Tiara Moultrie, fellow at the Century Foundation, recently authored a new article that examines how changes to federal student loans for graduate students could impact admissions at HBCU medical schools and force Black medical students to take on private loans.
As part of the so-called “One Big Beautiful Bill,” passed in July 2025, the federal government eliminated Direct Graduate PLUS Loans. Before this legislation, nearly half of all medical students used Grad PLUS Loans, borrowing a combined $1 billion every year. Students pursuing graduate education could borrow up to the full cost of attendance.
However, effective July 1, 2026, there will be new annual and aggregate borrowing limits on Direct Loans used for graduate programs. Students pursuing a graduate education can borrow up to $50,000 annually, with a lifetime borrowing cap of $200,000. This is far below what the typical medical student pays to earn their degree. For the medical degree class of 2025, the median cost of attendance was over $280,000 for public medical schools and nearly $400,000 for private medical institutions.
According to Moultrie, this means “medical students will be forced to seek private student loans to make up the difference, or choose not to attend at all.”
Lenders of private loans — which often have fewer repayment, deferment, forbearance, and loan forgiveness options compared to federal loans — base their decisions on factors such as a prospective borrower’s income, debt-to-income ratio, credit score, and payment history, and may deny credit to prospective borrowers who do not meet certain underwriting standards.
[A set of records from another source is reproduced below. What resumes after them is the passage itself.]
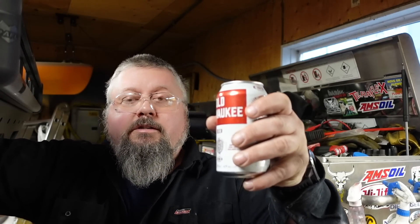Alright, it's beer time! We've got some Old Milwaukee here — haven't had this for a long time. It was on sale, cheapest gear, that's why I picked it up. Cheers everybody!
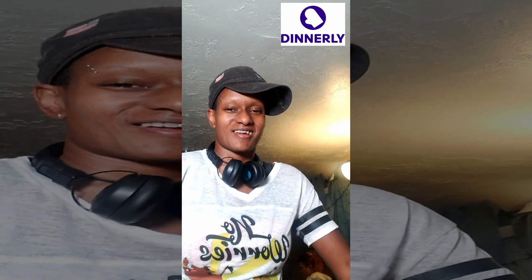We're back! This time we got Dinnerly — their chicken enchiladas. My voice is still shot from a little laryngitis, so we are working through that right now.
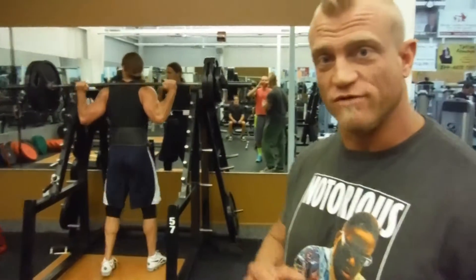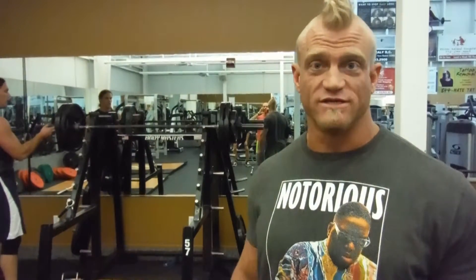Notice his back stays real vertical. It's more of like an Olympic style squat versus a powerlifting squat, which is really going to develop the quads more. And that's how he's comfortable squatting, so we're going to keep him with that.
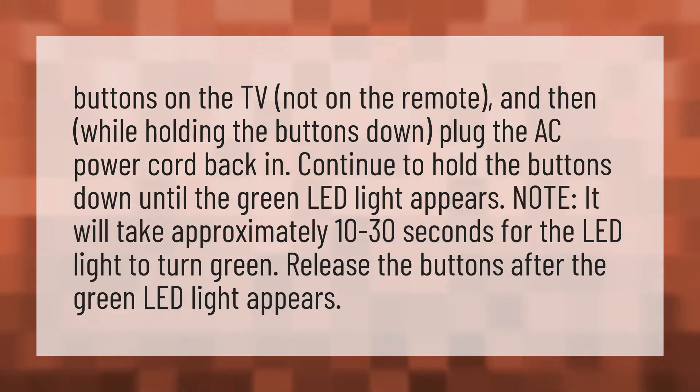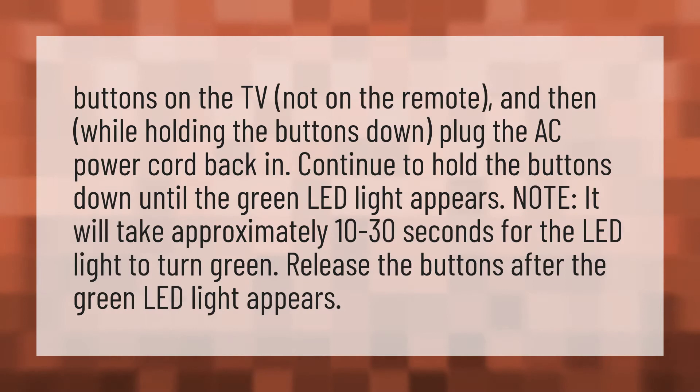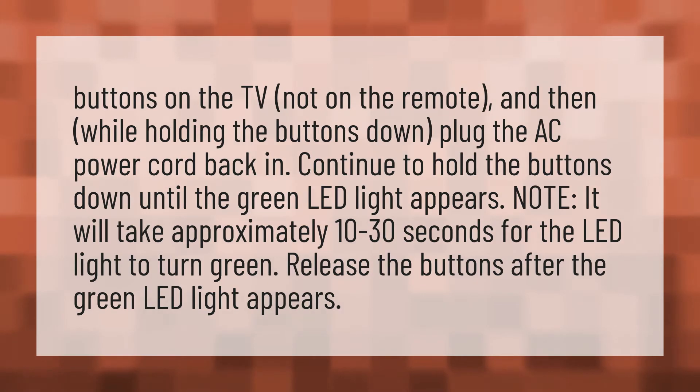Press the buttons on the TV, not on the remote, and then, while holding the buttons down, plug the AC power cord back in.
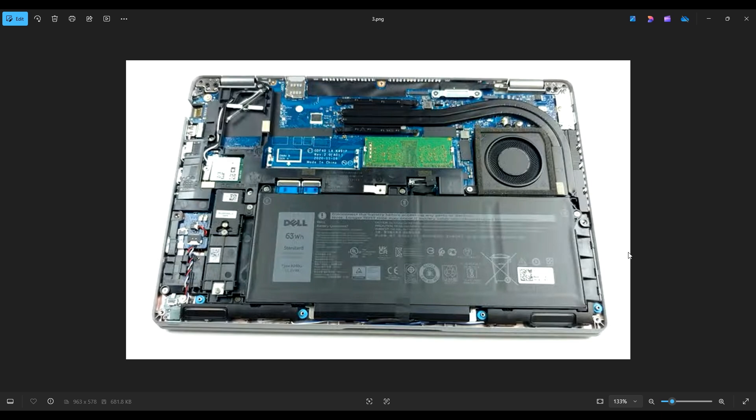If you would like any help with tools or supplies for your computer project, as well as any upgrade or replacement parts for this exact model computer, there'll be a link above and also below in the description. It will have many of the tools and supplies that I use in my shop, and again, all of the replacement and upgrade parts for this specific model, the 5420.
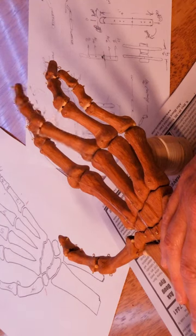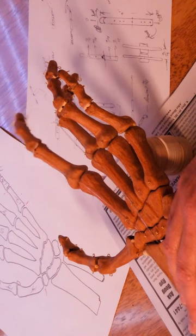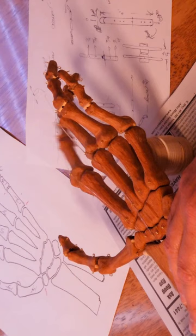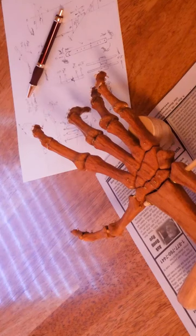Pole cords run the length of the fingers, top and bottom, and act as tendons, making the fingers work. Several pole cords will be needed for each finger, as my attempt to use a single pole cord tends to make the finger look more like a scorpion's tail.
This could pose a challenge to some Black medical school matriculants; nearly one-quarter of these students hold over $50,000 in premedical school and/or undergraduate education debt. Black medical school students are also more likely than their peers to come from households in which parents earn less than $50,000 annually.
Furthermore, Black medical students at HBCU medical schools generally have a larger debt burden compared to Black students at predominantly White institutions. For example, at Meharry Medical College in Nashville, the average debt is nearly $50,000 more than the new federal loan limit. Moultrie notes that this means “entire cohorts [at Meharry] could be left in dire straits if they are unable to access private loans to fill the gap.”
“The new borrowing limits will likely push many more students into the private student market, and prevent other students from pursuing medical school,” Moultrie writes. “Congress did not take steps to address these consequences by allocating support structures to accompany the limits. The result will be decreased access to HBCU medical school programs.”
She continues, “If we’re going to produce the high-skilled health care workforce we need more crucially every day, one that can and will serve every community, then we cannot afford to leave these students and schools without the support they need.”